EXERCISE DESCRIPTION: Restate word for word all of the lines below, with each image left out.

DATA EXTRACT:
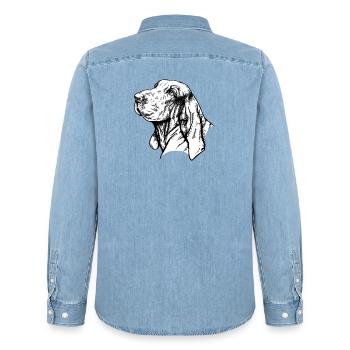 Bracco Italiano Portrait - Men’s Organic Denim Shirt by Stanley/Stella - light wash - Back - AI Model Male 185 light (185cm)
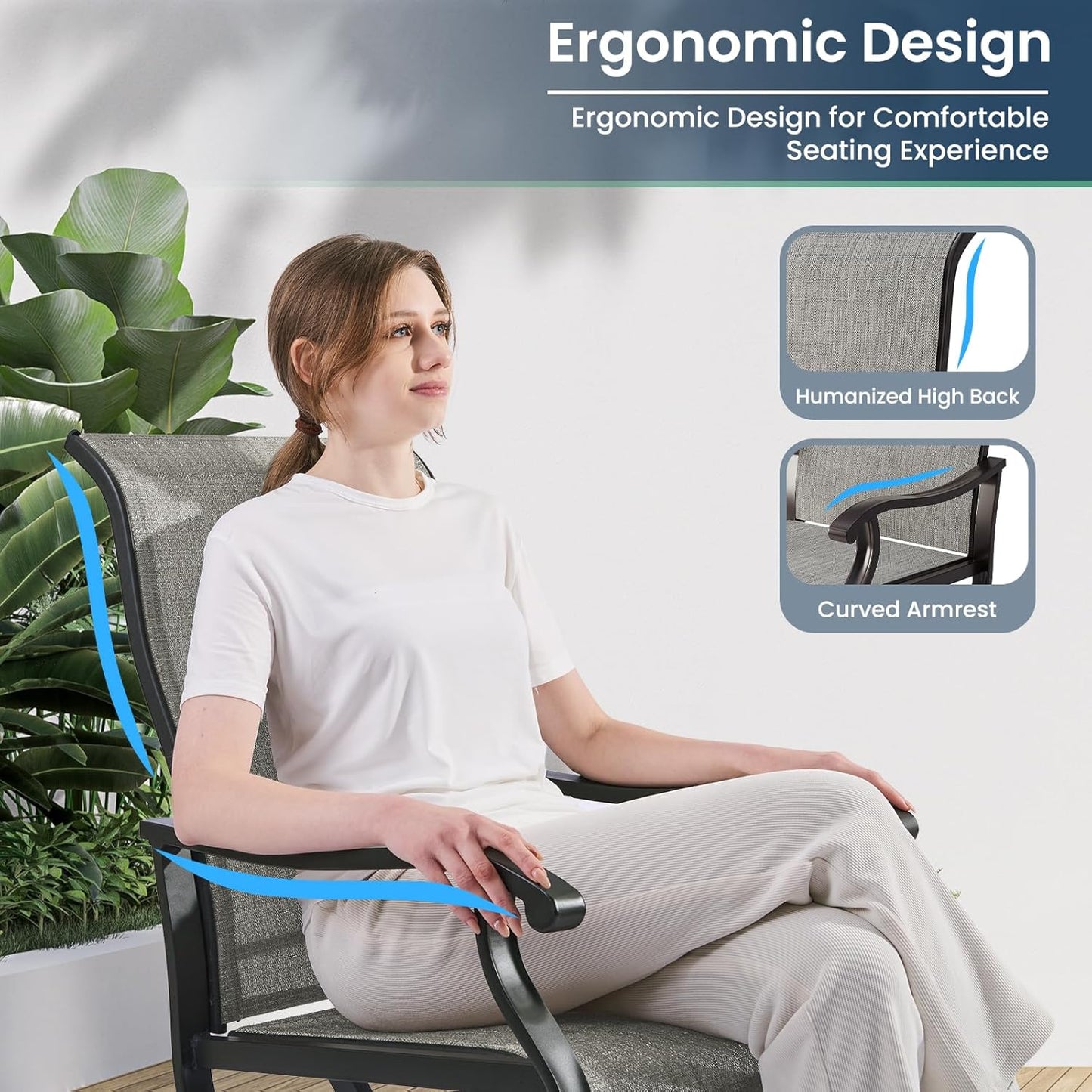 Amopatio Patio Swivel Chairs Set of 2, Outdoor Swivel Rocker Dining Chairs with All Weather Textilene High Back & Metal Frame, for Backyard Deck Lawn, Light Gray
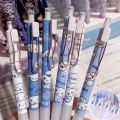 Kawaii Cute Press Pen Cartoon Blue Big-Eared Dog 0.5mm Black Ink Gel Pens Pens Student Writting Stationery Office School Supplies. 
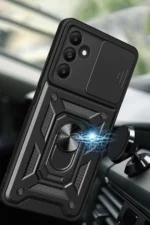 Uray store Samsung Galaxy M15 Kılıf Pars Lens Yüzüklü Silikon - Siyah - Görsel 2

RESULT FOR THIS EXERCISE:
 Bracco Italiano Portrait - Men’s Organic Denim Shirt by Stanley/Stella - light wash - Back - AI Model Male 185 light (185cm)
 Amopatio Patio Swivel Chairs Set of 2, Outdoor Swivel Rocker Dining Chairs with All Weather Textilene High Back & Metal Frame, for Backyard Deck Lawn, Light Gray
 Kawaii Cute Press Pen Cartoon Blue Big-Eared Dog 0.5mm Black Ink Gel Pens Pens Student Writting Stationery Office School Supplies. 
 Uray store Samsung Galaxy M15 Kılıf Pars Lens Yüzüklü Silikon - Siyah - Görsel 2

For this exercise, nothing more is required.